In the records that follow, find the line with "4.1 Carnelian Hand"; from there, retype every line exactly through the line with "LED Lights for", which also belongs to the answer.

Material to process:
BEGIN

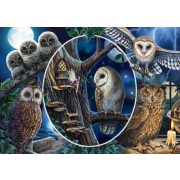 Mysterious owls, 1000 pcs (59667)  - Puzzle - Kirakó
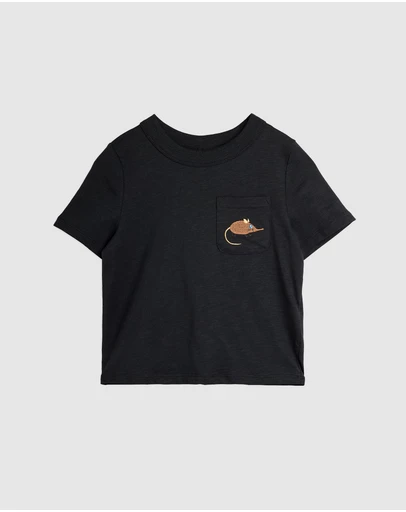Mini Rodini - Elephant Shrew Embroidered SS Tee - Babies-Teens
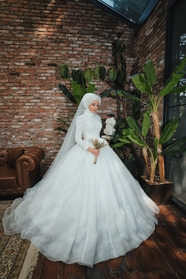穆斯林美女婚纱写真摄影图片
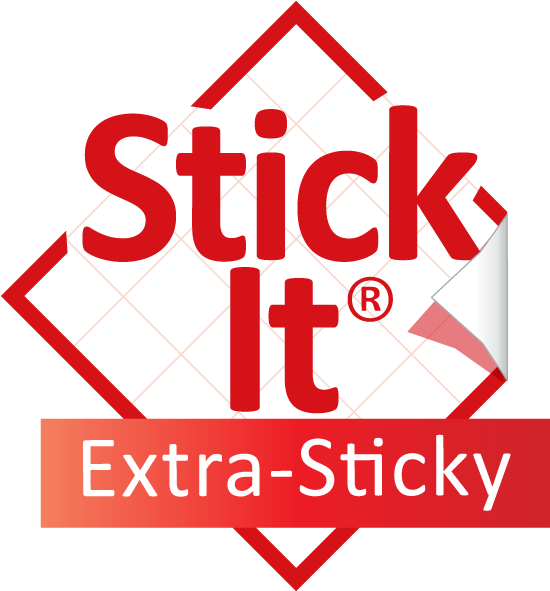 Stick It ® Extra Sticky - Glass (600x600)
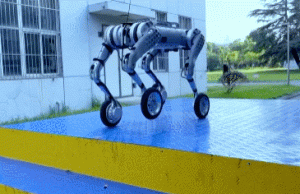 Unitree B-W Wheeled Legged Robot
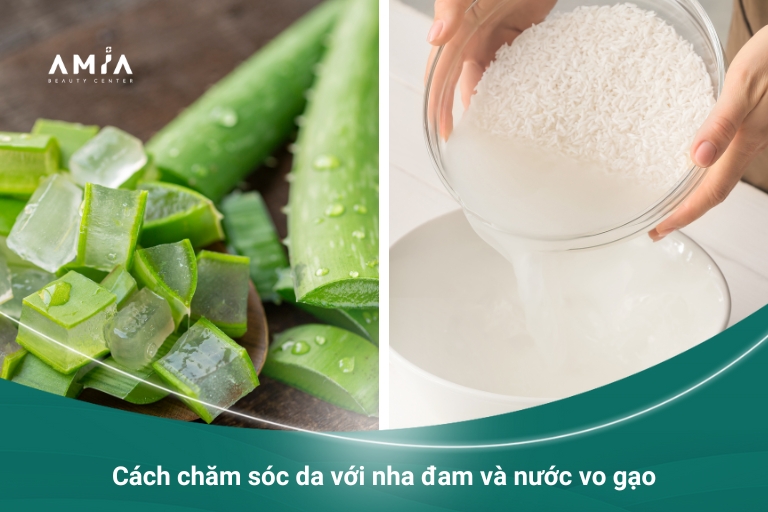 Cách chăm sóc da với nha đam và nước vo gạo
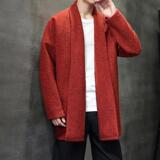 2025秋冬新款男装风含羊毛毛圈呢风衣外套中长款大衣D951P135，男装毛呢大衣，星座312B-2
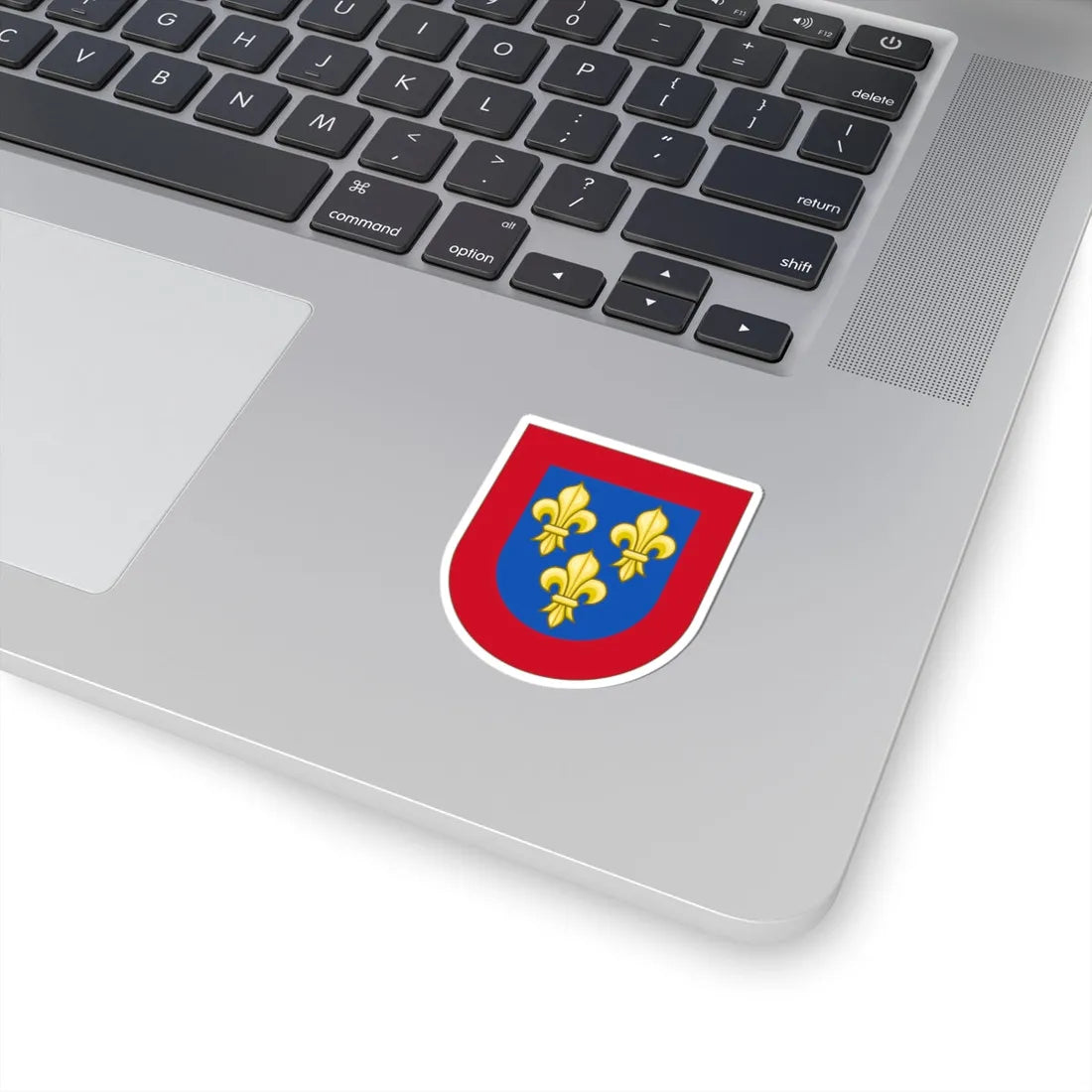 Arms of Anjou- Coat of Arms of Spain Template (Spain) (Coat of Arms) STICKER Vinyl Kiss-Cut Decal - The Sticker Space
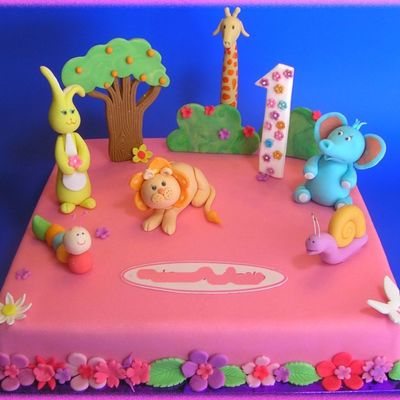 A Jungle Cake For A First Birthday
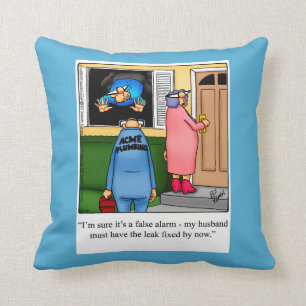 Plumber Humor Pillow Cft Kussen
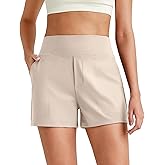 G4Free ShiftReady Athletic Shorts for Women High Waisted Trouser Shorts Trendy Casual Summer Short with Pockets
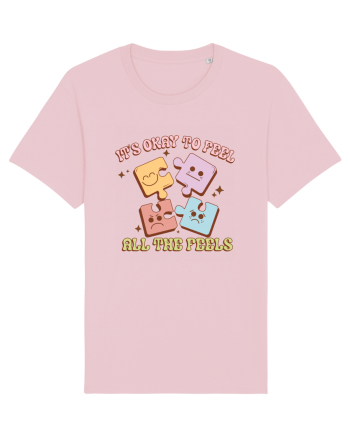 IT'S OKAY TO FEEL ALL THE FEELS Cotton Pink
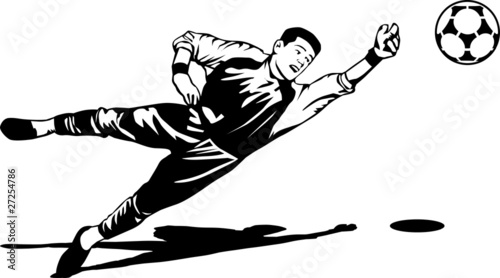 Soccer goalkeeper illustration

END
BEGIN

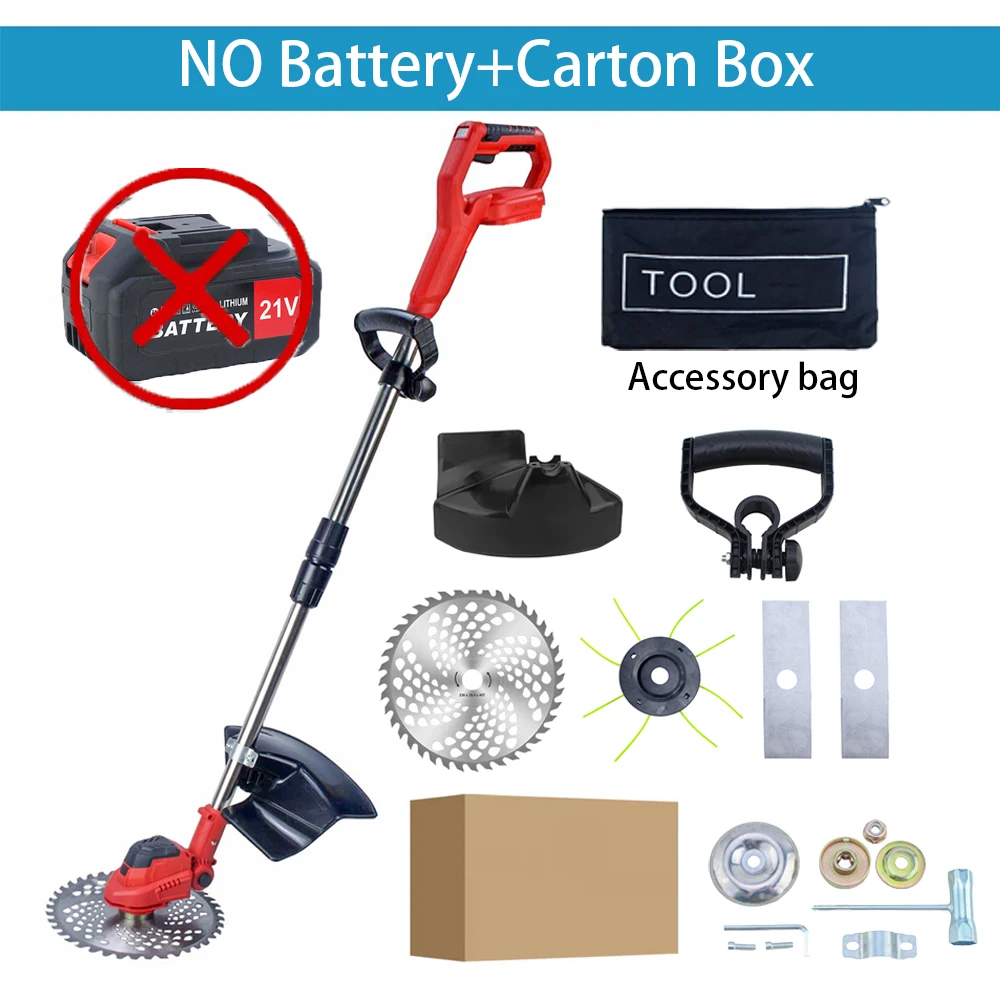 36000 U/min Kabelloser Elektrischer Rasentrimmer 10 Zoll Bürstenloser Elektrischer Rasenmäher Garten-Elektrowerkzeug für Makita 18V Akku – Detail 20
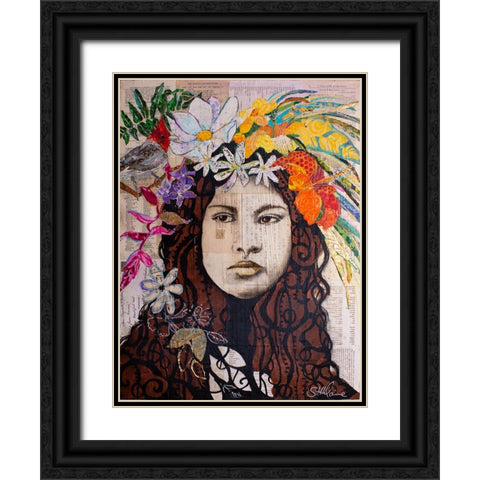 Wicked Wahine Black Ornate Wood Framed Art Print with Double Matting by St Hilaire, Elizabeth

END
BEGIN

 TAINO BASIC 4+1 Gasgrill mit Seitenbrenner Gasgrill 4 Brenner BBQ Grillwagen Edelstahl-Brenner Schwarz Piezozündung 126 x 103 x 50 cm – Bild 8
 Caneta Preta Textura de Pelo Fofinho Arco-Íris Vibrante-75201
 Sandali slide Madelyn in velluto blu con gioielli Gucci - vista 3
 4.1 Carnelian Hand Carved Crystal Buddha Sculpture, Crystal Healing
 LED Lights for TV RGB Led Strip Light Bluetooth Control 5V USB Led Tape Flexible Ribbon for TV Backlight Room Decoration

END

Answer section:
 4.1 Carnelian Hand Carved Crystal Buddha Sculpture, Crystal Healing
 LED Lights for TV RGB Led Strip Light Bluetooth Control 5V USB Led Tape Flexible Ribbon for TV Backlight Room Decoration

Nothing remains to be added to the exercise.